Extract, word for word, each line from the line holding "The first step" through the end of the records. Omit every picture.

Record set ::
• • • • • • •

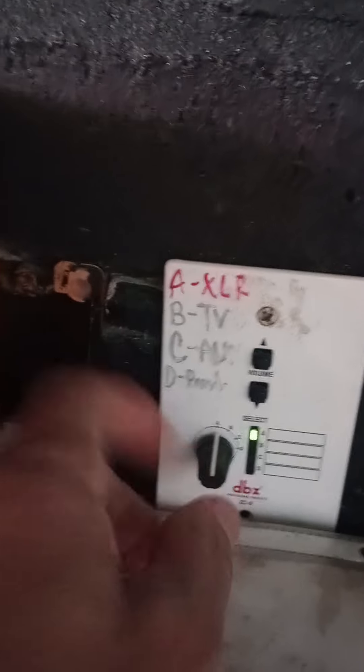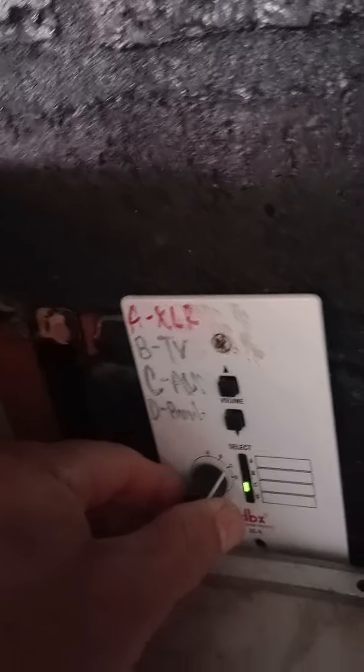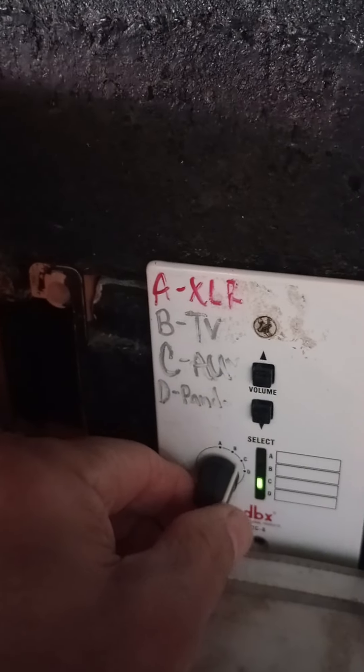So as soon as you're set up, go back here. You're going to switch this — see where that says XLR? You're going to switch it to A. So now we're going to go back to maybe C — not auxiliary, but anyway.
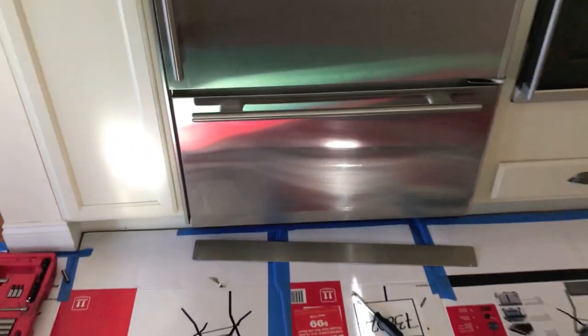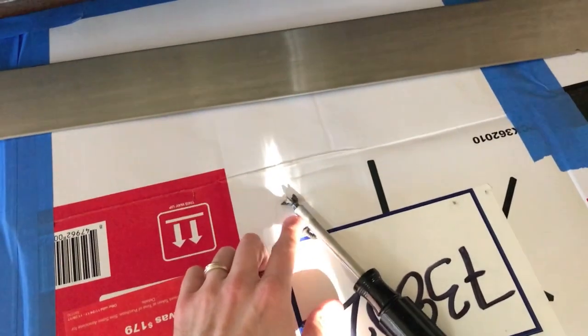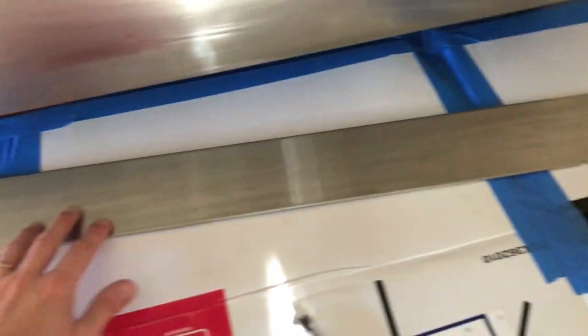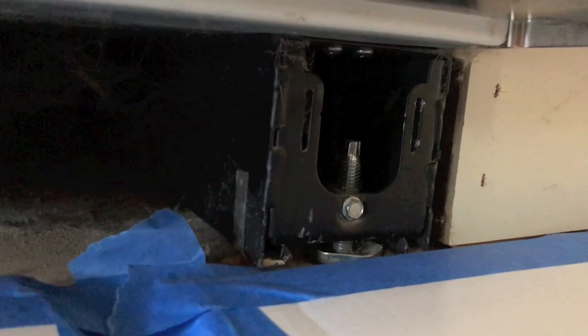First thing we want to do is direct our attention to the lower portion underneath the actual freezer, where you have a cover plate and two Phillips screws. You can pull this entire cover plate off and get access to the actual adjusting screws.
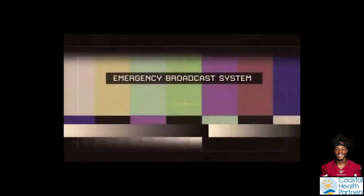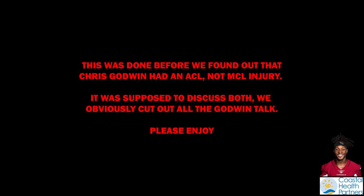All right, folks. So let's talk about MCL injuries. We're talking about DeAndre Hopkins, wide receiver.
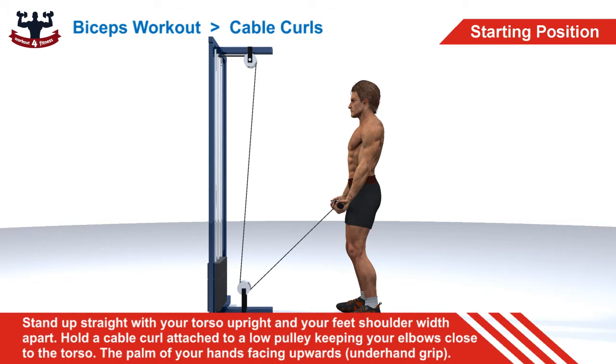Stand up straight with your torso upright and your feet shoulder width apart. Hold a cable curl attached to a low pulley keeping your elbows close to the torso. The palm of your hands facing upwards, underhand grip. This will be your starting position.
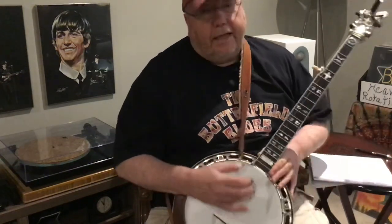That's Foggy Mountain Breakdown. I wish I could play the Beverly Hillbillies theme, but I haven't played it for so long. Something like that — anyway, you get the idea of what Earl was up to and how it developed.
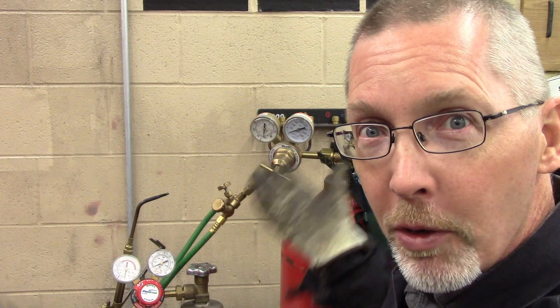Ladies and gentlemen, come gather round. Today, we're going to show you how to set up and shut down the oxyacetylene torch set. And hopefully we won't get a bang out of it. Let's go!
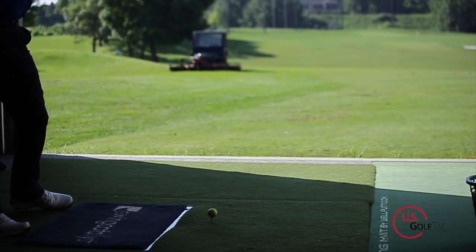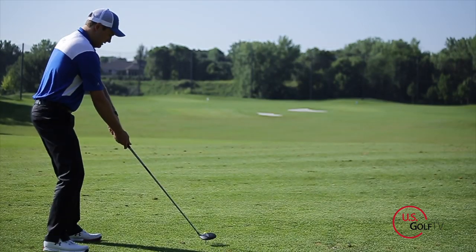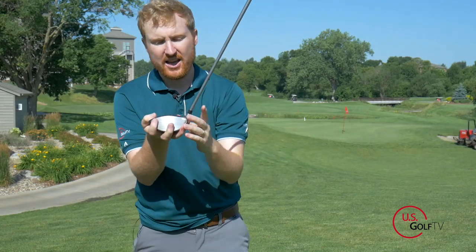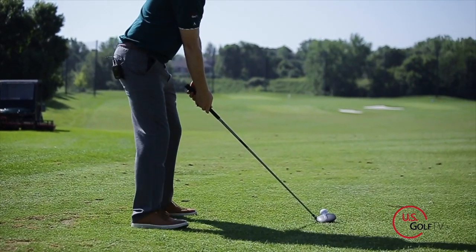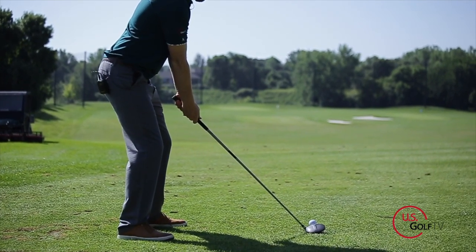We had Nick hop out from behind the camera and hit some shots. One thing he observed — and after hitting it a bit more I realized it had merit — was that he felt crowded when swinging this club. That actually makes sense, because this club has a 60 degree lie angle, which is quite upright. So in order to get it set properly, you're going to be standing closer to the golf ball.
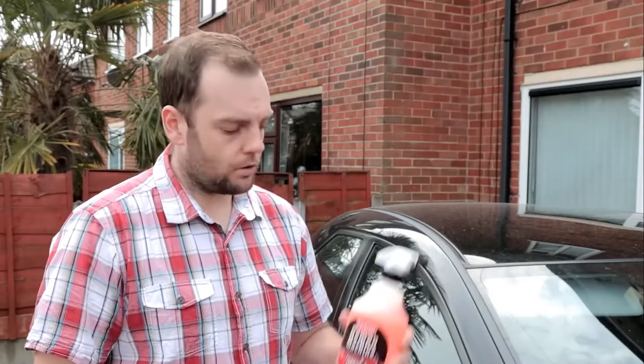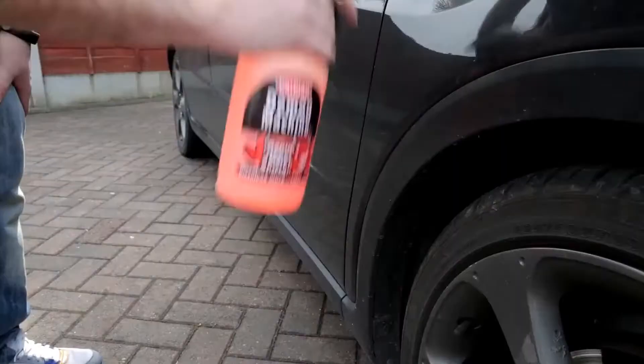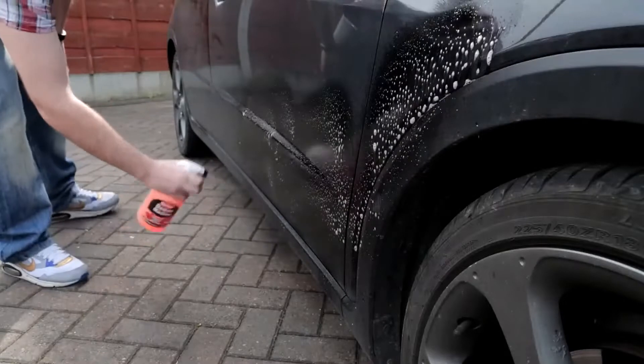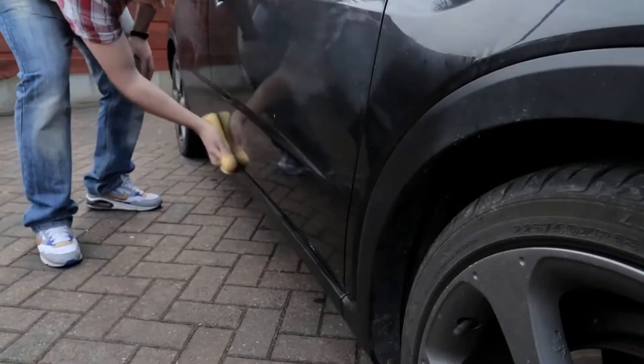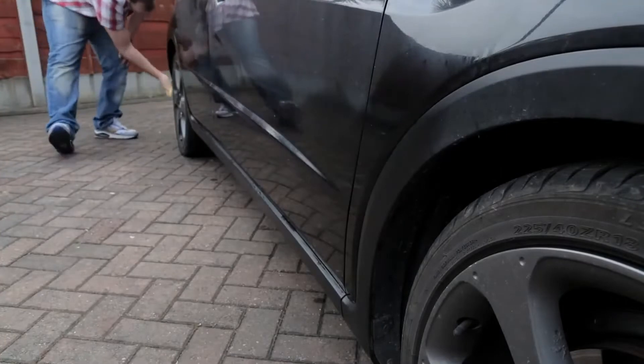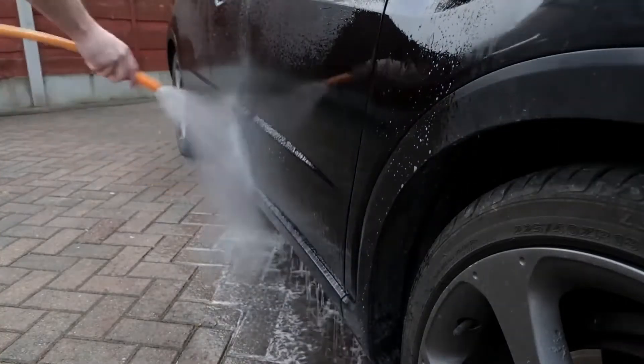The first step is to pre-soak or degrease the heavily soiled areas of your car. To do this, we're going to use Demon Machine. Shake the bottle well and spread directly onto heavy soils, stains, and grime. Leave to work for around 5 minutes. Agitate any heavy stains with a brush, sponge, or cloth. Then rinse the car with cold water.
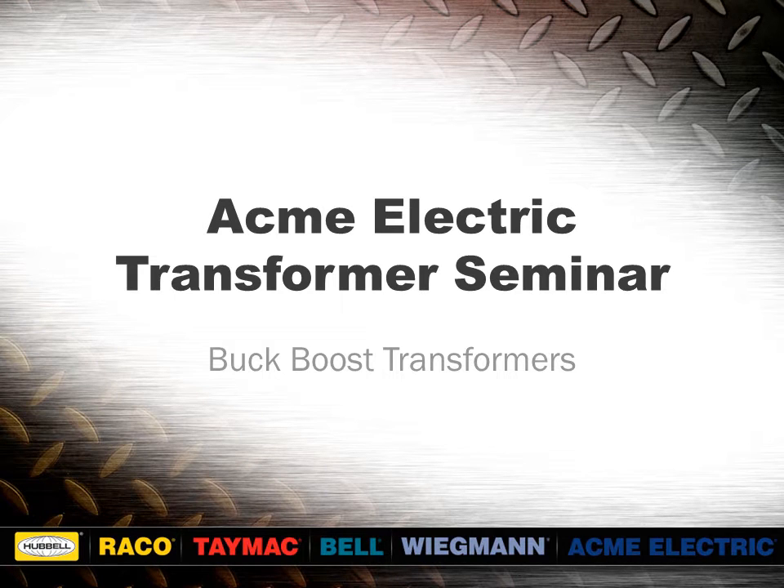Welcome to Acme Electric's Virtual Transformer Seminar. In this session, we will be discussing buck-boost transformers.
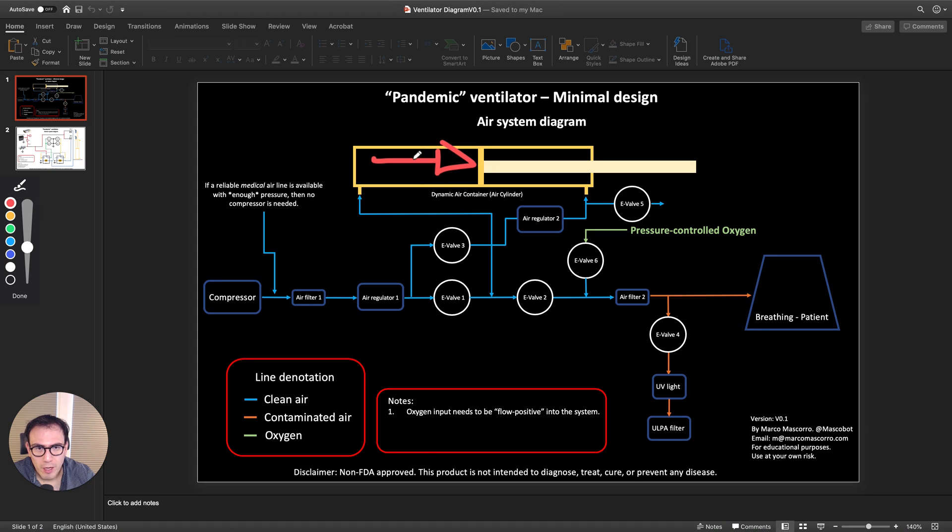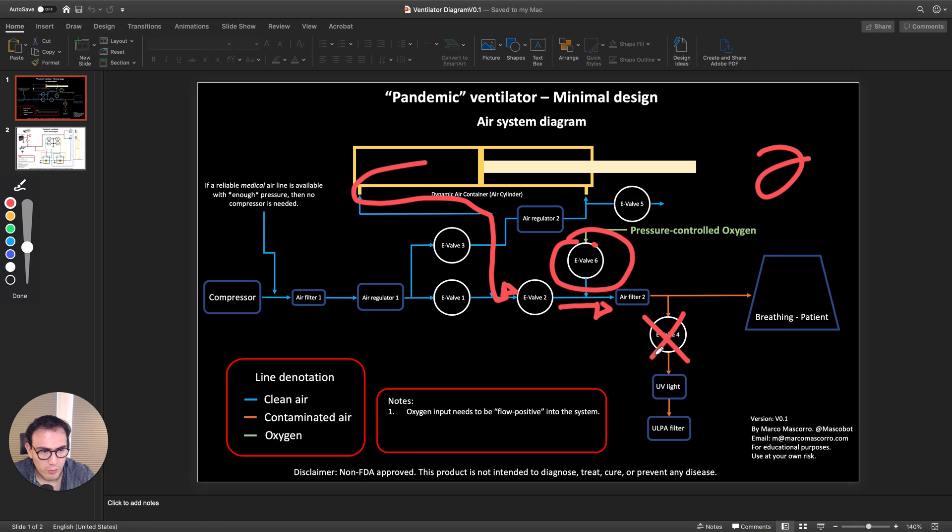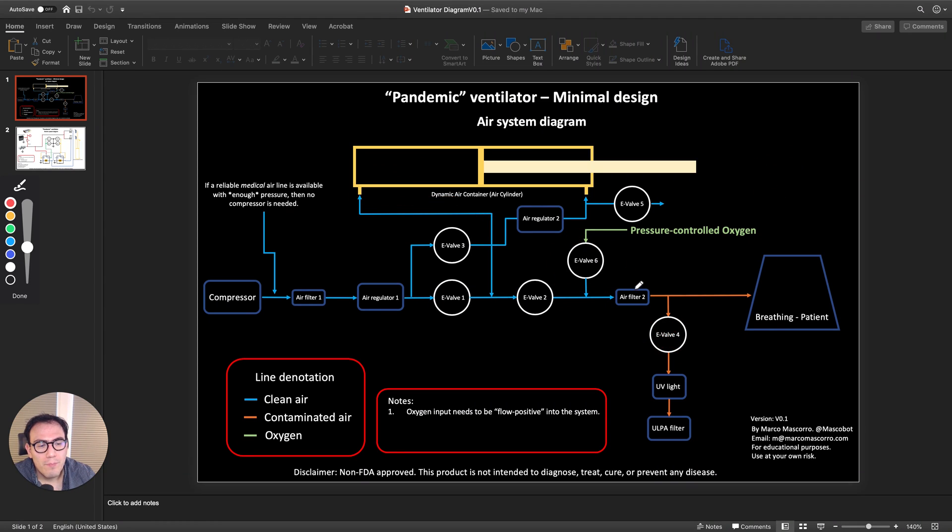The air starts flowing in this direction, filling up the tank. As the tank fills, it pushes the cylinder all the way up. There is a switch up here — when the cylinder reaches the top, it clicks the switch, telling the system it's full. At that point it closes this valve, opens this one and this one, so the air starts flowing toward the patient.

• • • • • • •

Solution for this problem ::
The first step is to pre-soak or degrease the heavily soiled areas of your car. To do this, we're going to use Demon Machine. Shake the bottle well and spread directly onto heavy soils, stains, and grime. Leave to work for around 5 minutes. Agitate any heavy stains with a brush, sponge, or cloth. Then rinse the car with cold water.
Welcome to Acme Electric's Virtual Transformer Seminar. In this session, we will be discussing buck-boost transformers.
The air starts flowing in this direction, filling up the tank. As the tank fills, it pushes the cylinder all the way up. There is a switch up here — when the cylinder reaches the top, it clicks the switch, telling the system it's full. At that point it closes this valve, opens this one and this one, so the air starts flowing toward the patient.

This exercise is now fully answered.